O Rio de Janeiro permanece na liderança nacional em roubos de veículos quando considerada a proporção da frota. Apesar da redução de 21% nos casos em 2025, o estado registrou 305,3 roubos para cada 100 mil veículos, índice quase quatro vezes superior à média brasileira, de 80,9, segundo o 20º Anuário Brasileiro de Segurança Pública.
Foram registrados 305,3 roubos para cada 100 mil veículos emplacados, quase quatro vezes a média nacional, de 80,9 casos. São Paulo, que possui a maior frota do país, teve taxa de 70,8 roubos por 100 mil veículos. Pernambuco (299,3) e Paraíba (245) aparecem na sequência.
O levantamento também mostra que o Rio foi o único estado a registrar aumento nos roubos de celulares em 2025. Enquanto o país teve queda de 18,6%, o estado apresentou alta de 19,4%. Considerando roubos e furtos, apenas Rio e Paraíba registraram crescimento, sendo de 22,7% no território fluminense.
O Rio também esteve entre os sete estados onde cresceram as mortes violentas intencionais, com alta de 2,1%. O indicador reúne homicídios dolosos, feminicídios, latrocínios, lesões corporais seguidas de morte, mortes por intervenção policial e policiais assassinados.
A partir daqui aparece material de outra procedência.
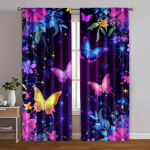 2 tk, Loomingulised Kardinad Modernne Unistus Helendav Sinine Lilla Liblikas Mitmek&uuml;lgne Pol&uuml;esterkangas (ilma vardata) Kaunistused v&auml;ljas 29x65in(75x166cm)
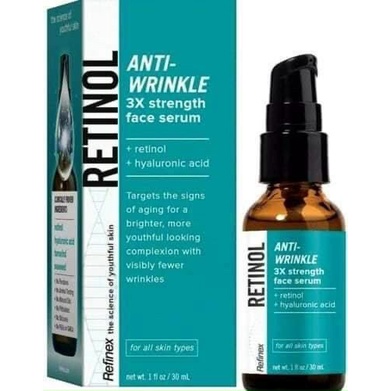 RETINOL Anti- Wrinkle 3X Strength Face Serum 1FL OZ/30ml.
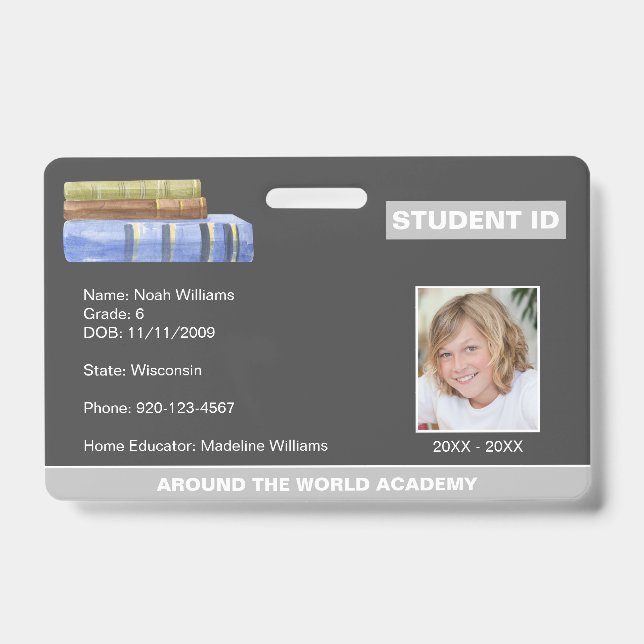 Books Homeschool Student ID Badge (Front)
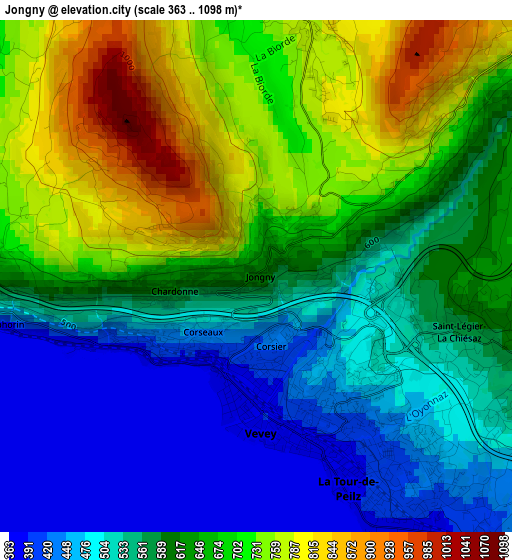 Jongny elevation map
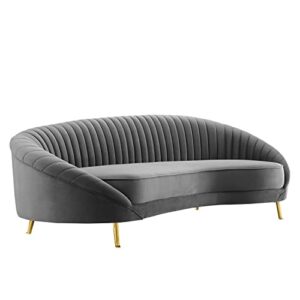 modway camber channel tufted performance velvet sofa in gray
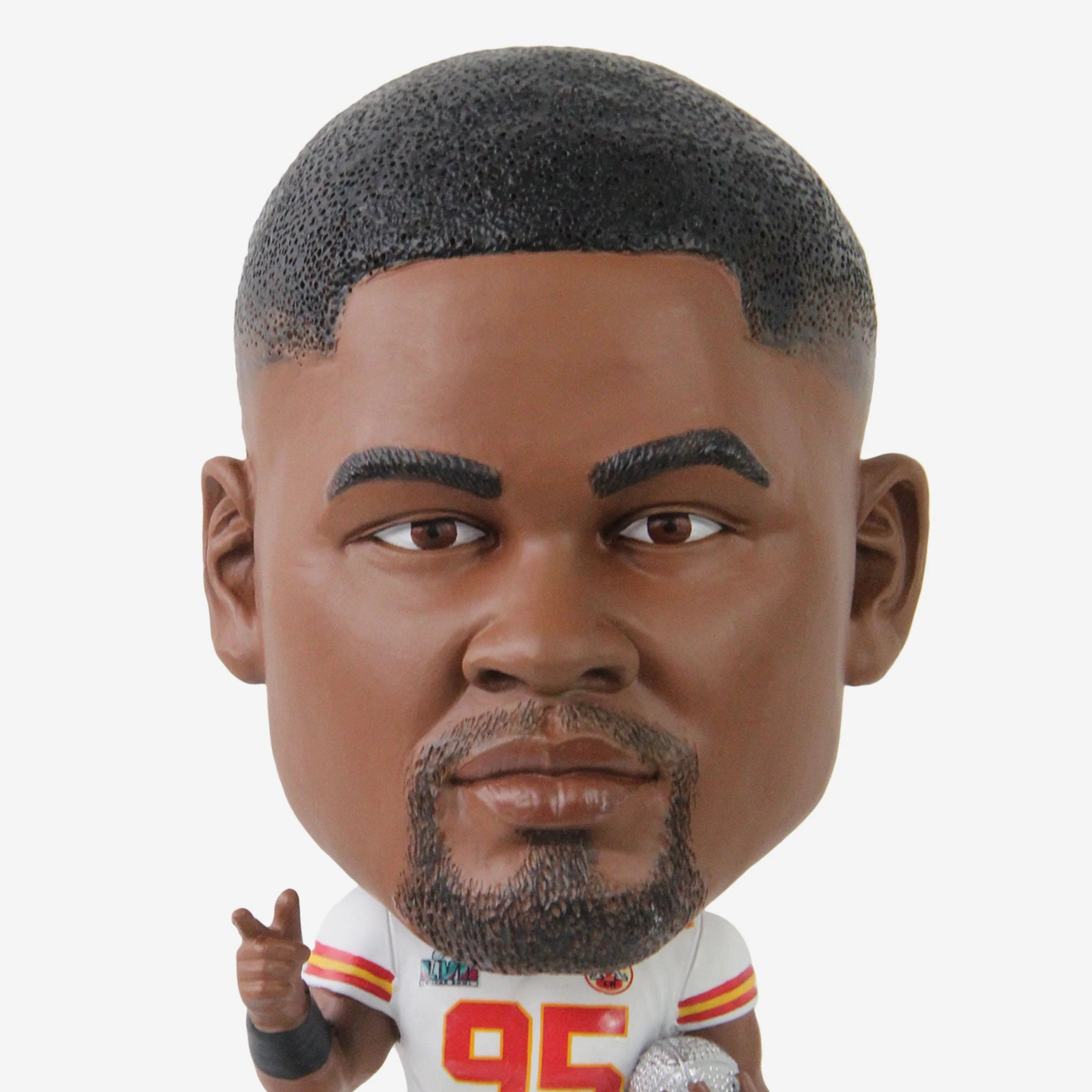 Chris Jones Kansas City Chiefs Super Bowl LVII Champions Ring Base Bighead Bobblehead - Image 2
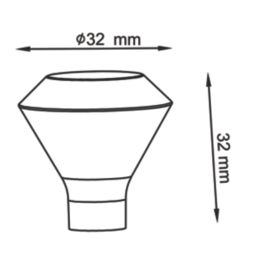Essentials Nutmeg Prism Cabinet Knob Brushed Nickel 32mm 2 Pieces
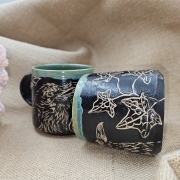 Kubek KRUK ceramiczny ok. 300 ml ręcznie toczony rękodzieło ręcznie zdobiony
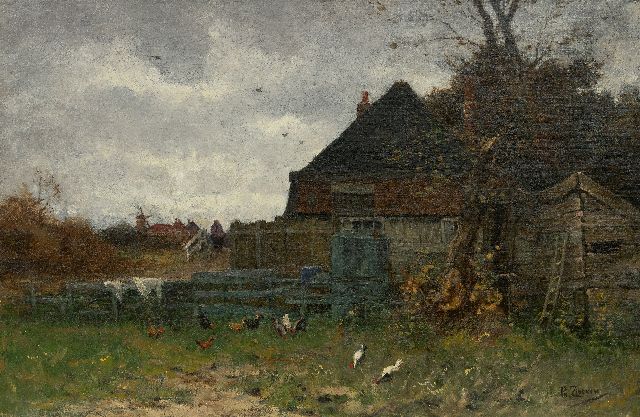 Philip Zilcken | Boerenerf in de herfst, olieverf op doek, 60,2 x 91,3 cm, gesigneerd r.o. en zonder lijst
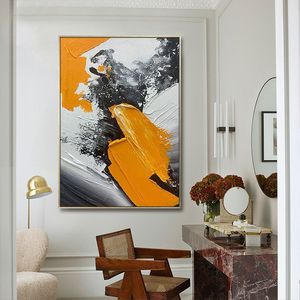 Nuovo Design Moderno Quadro Decorativo per Soggiorno, Arte Murale in Acrilico Giallo, Dipinto Astratto su Tela Fatto a Mano - Product Image 4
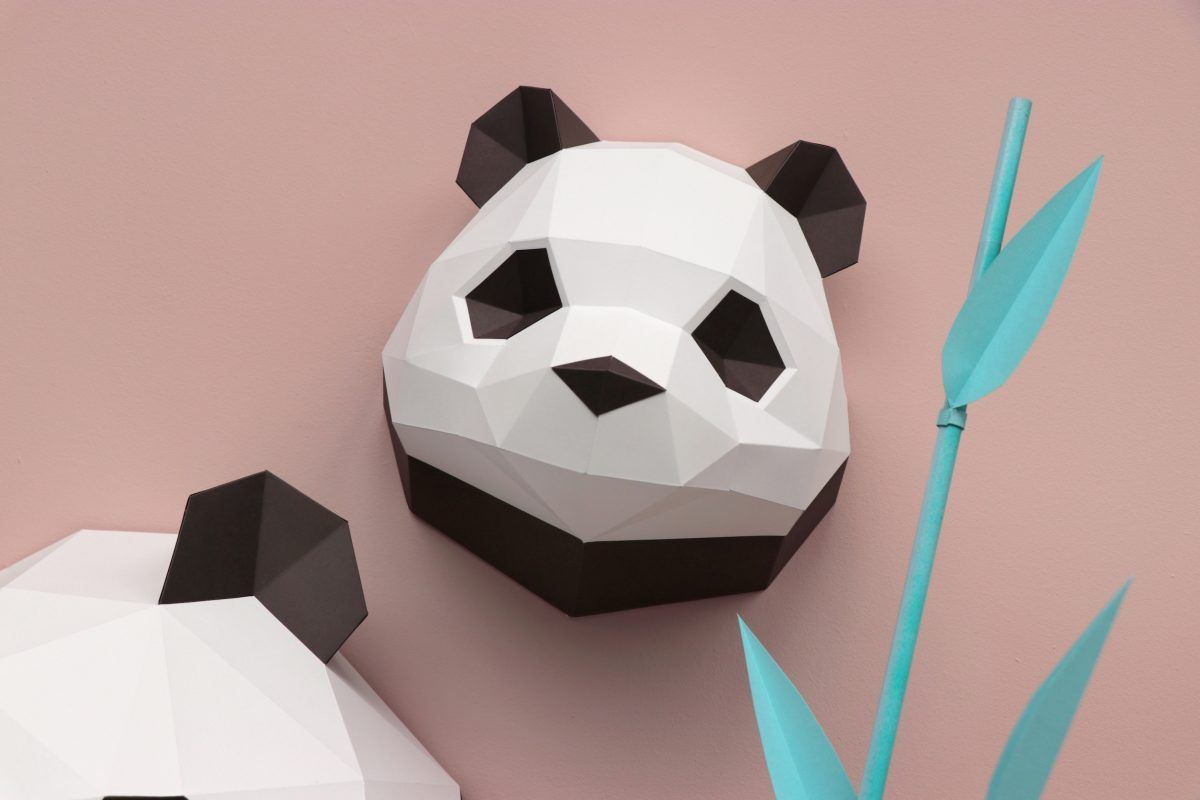 Paper Panda Baby - Trophée en papier Assembli Chocolate Brown 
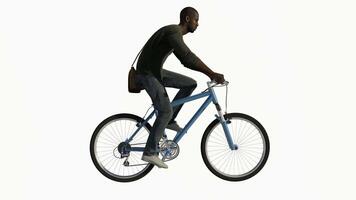 africano hombre montando un bicicleta desde lado ángulo en un blanco pantalla video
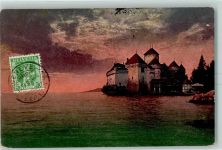 Chillon Chateau 1909 Mondschein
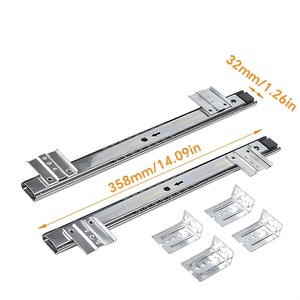 Keyboard Tray Guide Rail 358mm Silent <b>Slide</b> For Computer Desk With Hanging Brackets - Product Image 1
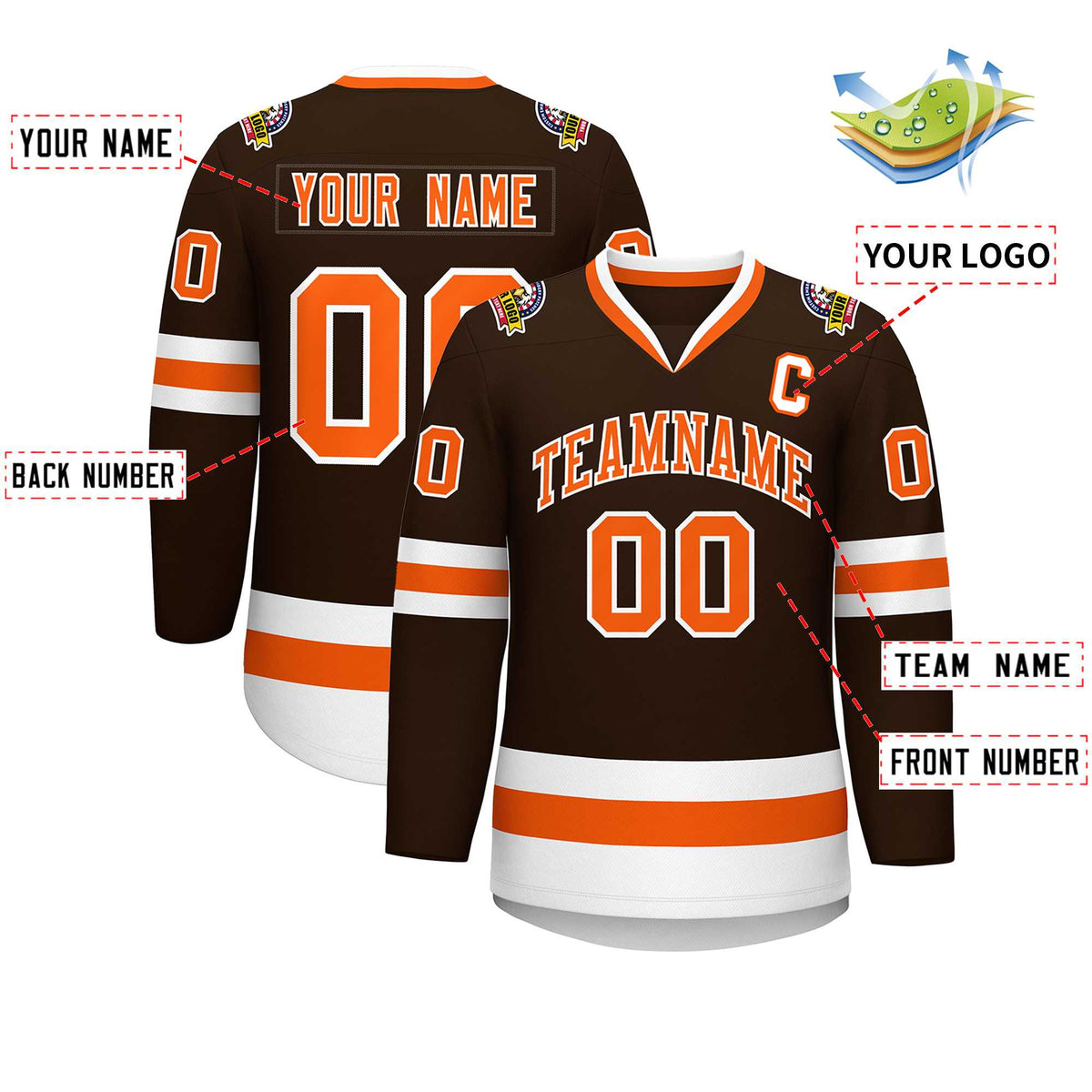 Custom Brown Orange-White Classic Style Hockey Jersey | KXKSHOP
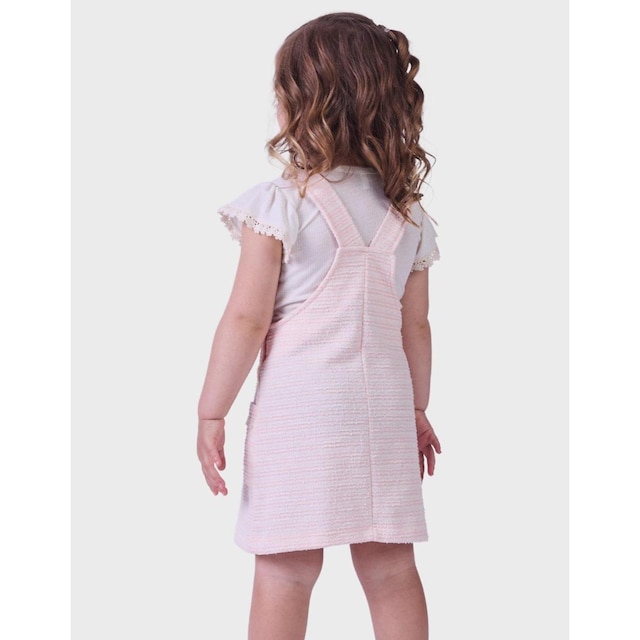 Conjunto Blusa Manga Curta Malha Trabalhada Com Salopete Listrada Elegante Menina 1 a 3
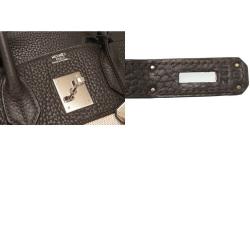 Hermes Two Tone Toile Canvas and Taurillon Clemence Leather Palladium Hardware Birkin 30 Bag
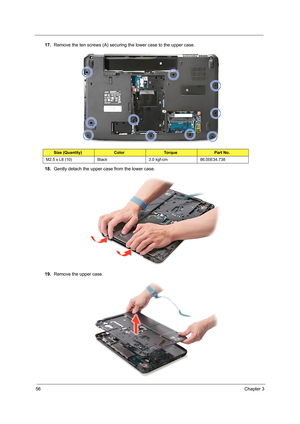 Page 6456Chapter 3
17.Remove the ten screws (A) securing the lower case to the upper case.  
18.Gently detach the upper case from the lower case.
19.Remove the upper case.
Size (Quantity)ColorTo r q u ePart No.
M2.5 x L8 (10) Black 3.0 kgf-cm 86.00E34.738 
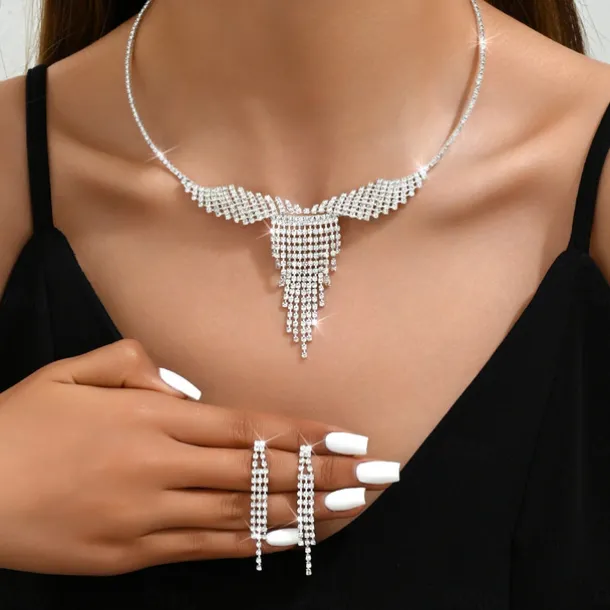 Bridal Jewelry Sets Two-piece Suit Imitation Diamond 1 Necklace Earrings Women's Classic Sweet Lovely Classic Love Precious Jewelry Set For Wedding Gift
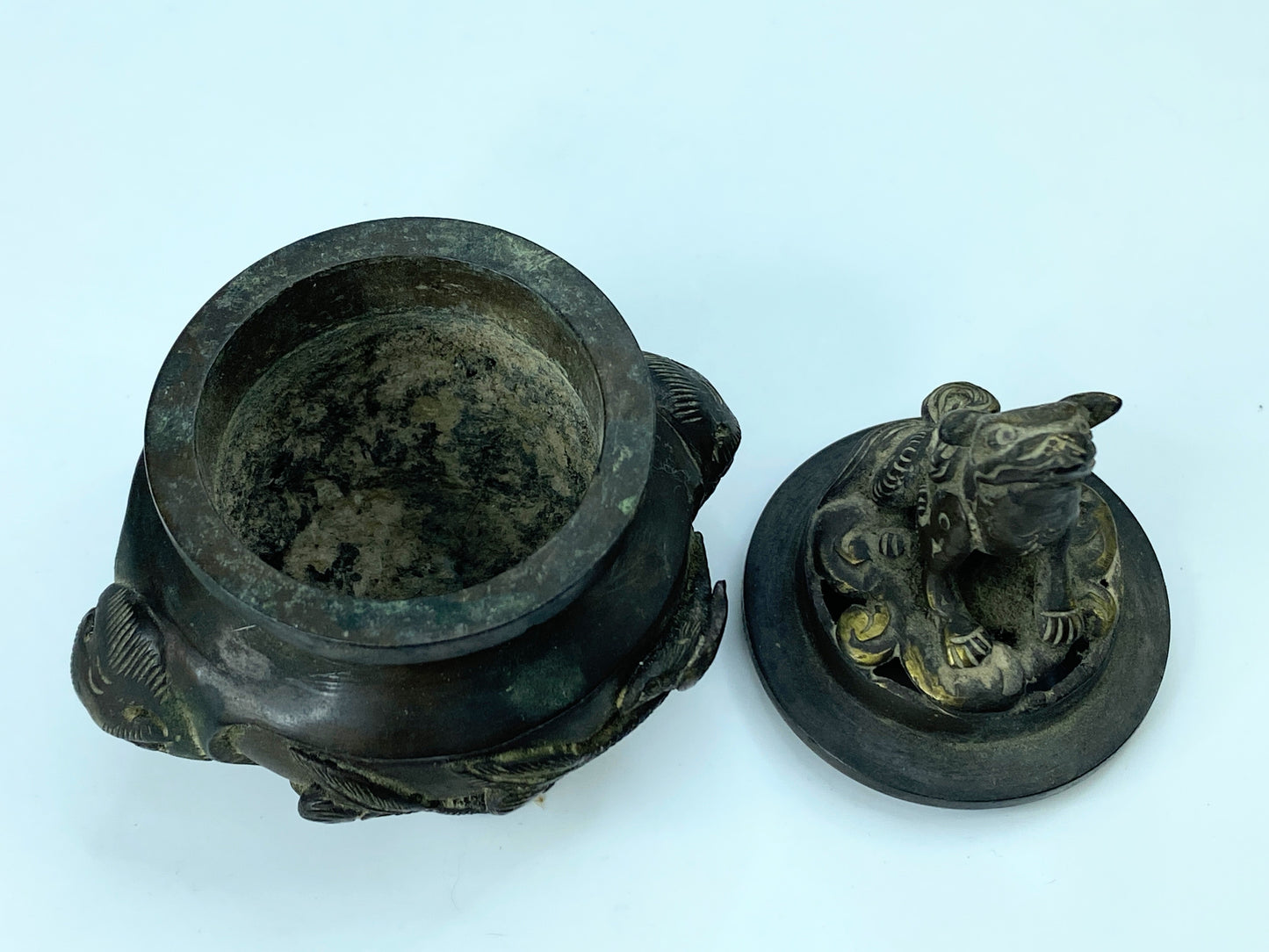 Rare Japanese Meiji Period Bronze Koro Censer, 1920 3 1/2" A341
Segundo o FBSP, a Operação Contenção, realizada no Complexo da Penha em outubro de 2024, influenciou esse resultado. A ação terminou com 122 mortos, incluindo cinco policiais, e foi apontada como a operação policial mais letal já registrada no país. Das vítimas, 117 morreram em decorrência de intervenção policial, o equivalente a 15% de todas as mortes por essa causa no estado em 2025.
O anuário aponta ainda que uma em cada cinco mortes violentas no Rio foi provocada por intervenção policial. O estado também liderou o país em mortes de policiais: foram 51 agentes assassinados em 2025, alta de 82,1% em relação ao ano anterior.
Entre os indicadores positivos, os latrocínios caíram 22,2%, acima da redução nacional de 16,5%, e os roubos de carga diminuíram 9,4%.
Os feminicídios permaneceram em patamar elevado, passando de 107 casos em 2024 para 105 em 2025. Segundo o Fórum, o principal desafio é fortalecer a estrutura e os recursos para garantir proteção efetiva às mulheres vítimas de violência.